The victory helped Duke remain in a tie with No. 7 North Carolina in the ACC standings with three games to go in the regular season. The Blue Devils play Virginia Tech at home on Saturday and at Wake Forest on Tuesday night, before closing the regular season on March 3 against the Tar Heels at Cameron Indoor Stadium in Durham, N.C.
Duke avenged a 76-73 loss to FSU at Cameron Indoor Stadium on Jan. 21 and improved to 7-0 in ACC road games this season.
“We’ve just got to try to finish strong,” Rivers said. “That’s what we’re going to try to do. We have three difficult games left. We have to stay focused.”
If the Blue Devils continue to shoot the ball like they did against the Seminoles, they’re going to be awfully difficult to beat. Duke made 13 of 28 3-pointers against an FSU defense that came into the game ranked No. 14 nationally in 3-point percentage defense, allowing opponents to make only 29.1 percent of their attempts.
“Whenever they got a good look from the perimeter, they made us pay,” FSU coach Leonard Hamilton said. “That’s what great teams do. That’s a team that plays to its strengths. Their strength is getting to the basket and making 3s. That’s a tough combination.”
It’s an even tougher assignment with Rivers on the floor. Rivers, a freshman from Orlando, Fla., is exceptionally adept at driving to the basket. If a defender cuts him off, Rivers just kicks it back out to a shooter on the perimeter.
“We’ve got a guy in Austin who can really put pressure on a defense by getting to the basket,” Dawkins said. “We know we’re going to get some looks and we have to make them. We’re a difficult team to defend. We’ve got a lot of guys who can score the basketball both inside and out.”
Rivers said Dawkins is equally important to Duke’s success.
“He opens the floor for me,” Rivers said. “When Dawkins isn’t making his shots, they’re just in the paint waiting for me.”

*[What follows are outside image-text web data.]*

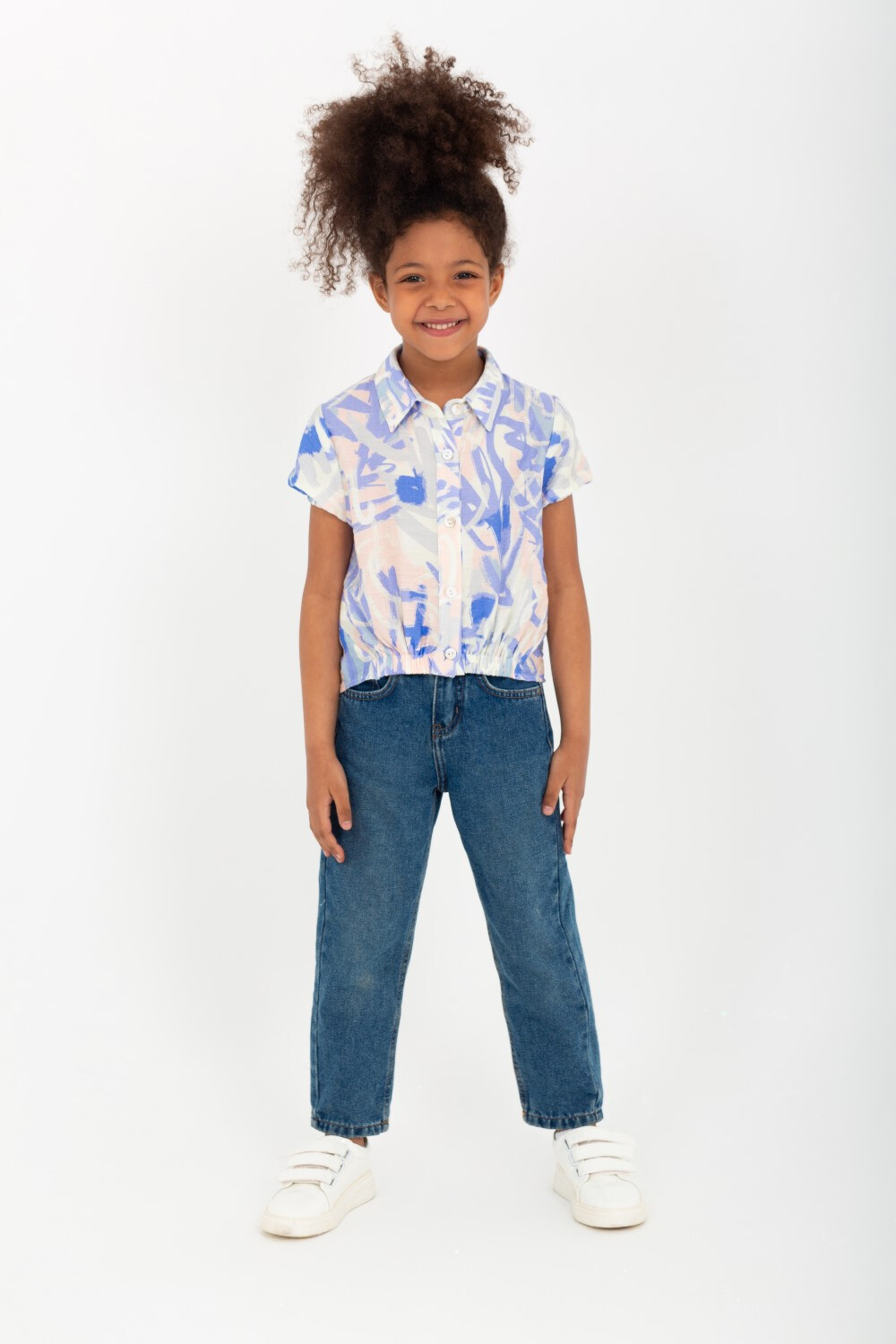 Girl's Floral Blous Half sleeves With Elastic Band In The Middle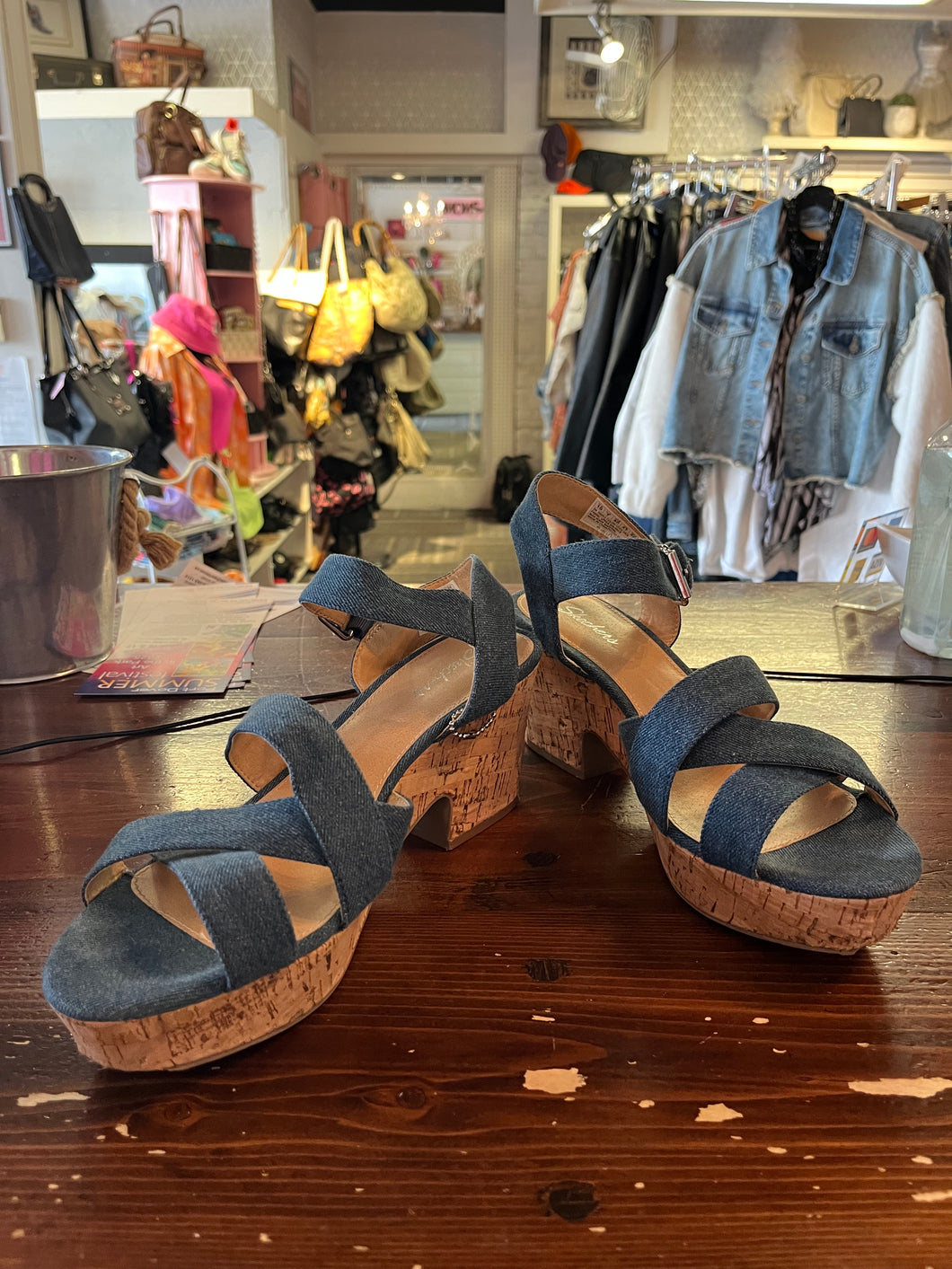 Skechers Denim Platform Heels (Size 10)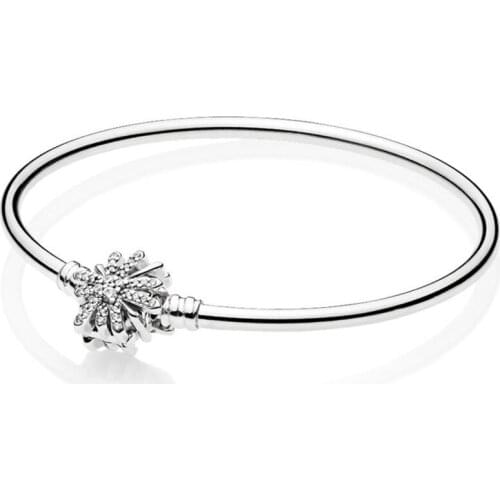 Authentic 925 Sterling Silver Moments Dazzling Fireworks Fashion Bangle Fit Pandora Women Bead Charm Bracelet Gift DIY Jewelry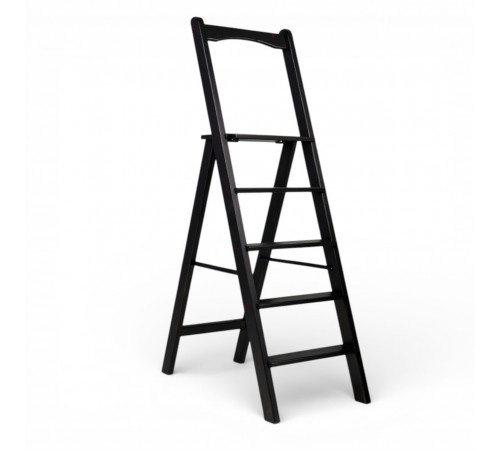 Drewniana składana drabina z poręczą, wysoka, domowa, czarna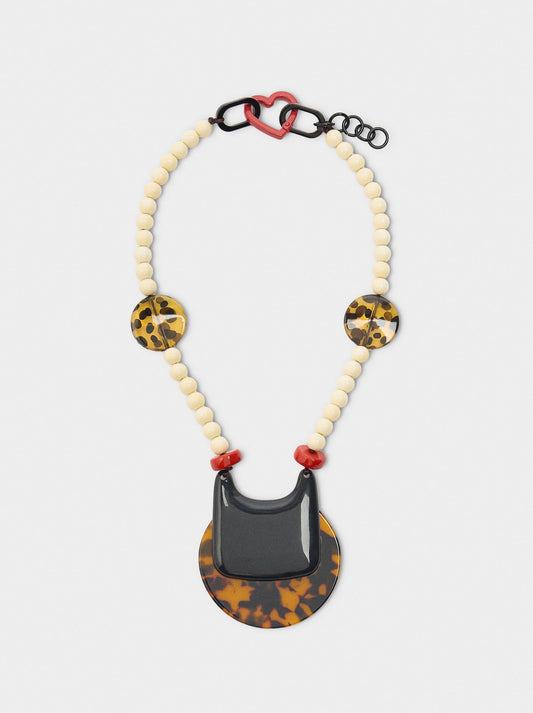 Short Necklace With Tortoise-Effect Pendant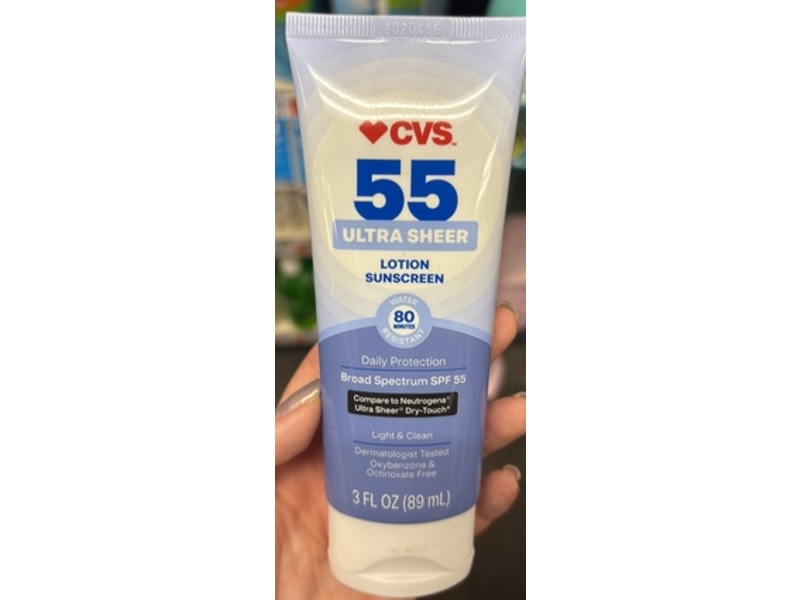 CVS Ultra Sheer Lotion Sunscreen, SPF 55, 3 fl oz/89 mL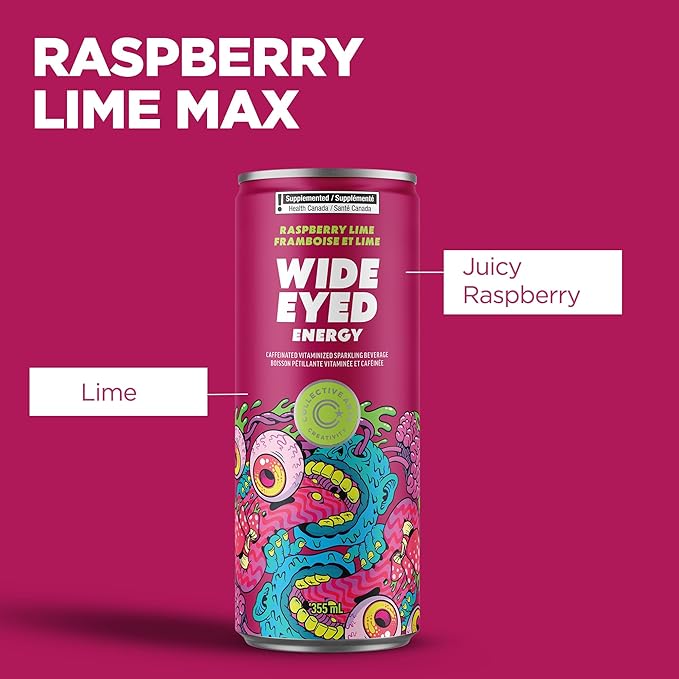 Collective Arts Wide Eyed Energy Drinks | Naturally-Flavored Caffeinated Vitaminized Sparkling Beverage With Fruit Extracts | Raspberry Lime MAX | Pack of 12 | 12 fl oz.(355ml)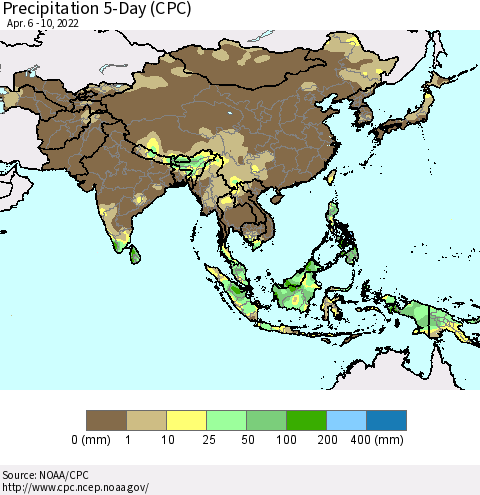 Asia Precipitation 5-Day (CPC) Thematic Map For 4/6/2022 - 4/10/2022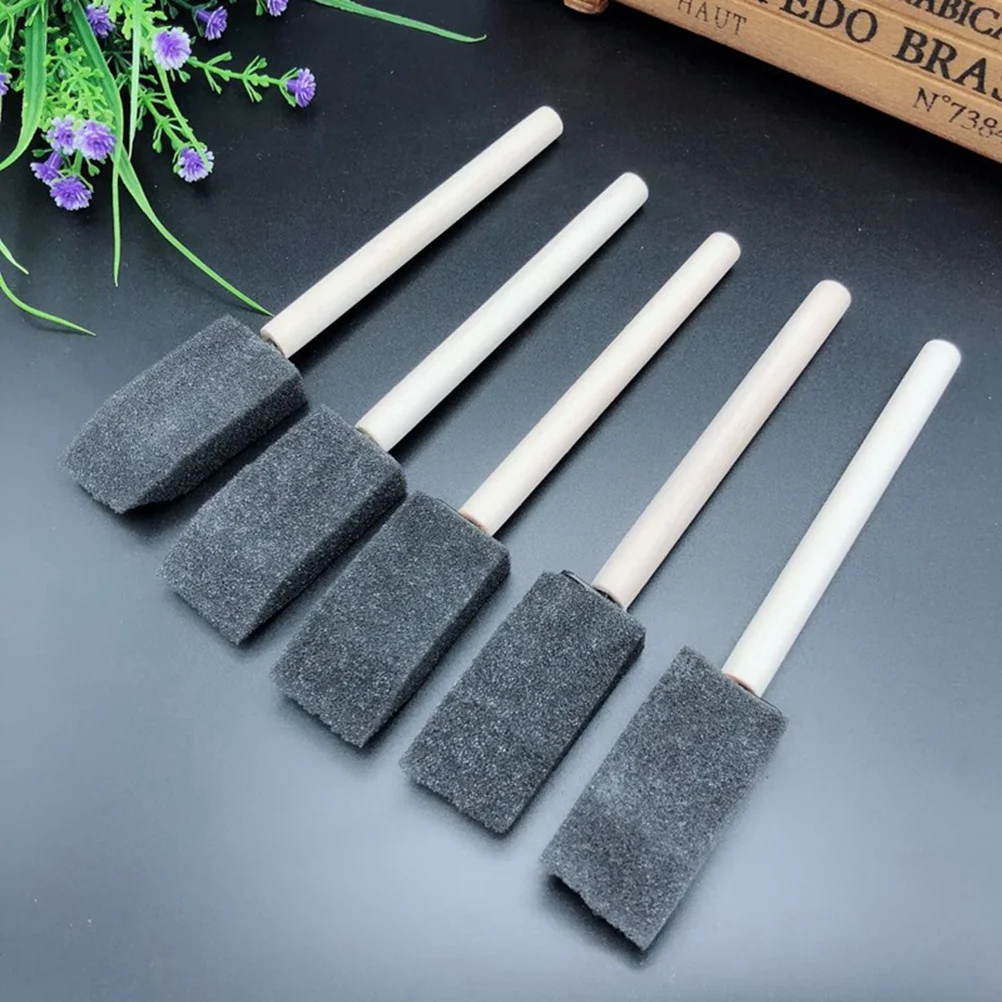 10Pack Polyurethane Sponge Paint Brush 1 Inch Wood Handle Absorbent for Acrylic Stains Varnishes Crafts Hobbies Art Glue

Rivers scored 20 points against FSU with four assists and four rebounds. He shot 6-for-16 from the floor, including 4-for-8 on 3-pointers. Rivers played the game in front of his father, Boston Celtics coach Doc Rivers, who is in the state for this weekend’s NBA All-Star Game in Orlando.
“They’re one of the best 3-point shooting teams in the country,” Hamilton said. “They have two kids who are skilled at getting into the lane. When you allow them to do what they do best, which is knocking down 3s, it’s very difficult to get over the hump.”
When the Seminoles made their last run in the final five minutes of the game, Dawkins wasn’t even the Blue Devil who buried them. After FSU made it 58-55 on Xavier Gibson’s layup with 4:55 to go, Kelly made a contested 3-pointer from the right wing. After FSU forward Bernard James scored three points on a hook shot and free throw to make it 61-58, Curry made his only 3-pointer of the game.
“It’s hard to guard us,” Rivers said. “We have great bigs, too. Right now, our perimeter players are shooting great and we have to keep doing it. A lot of guys are stepping up and making shots.”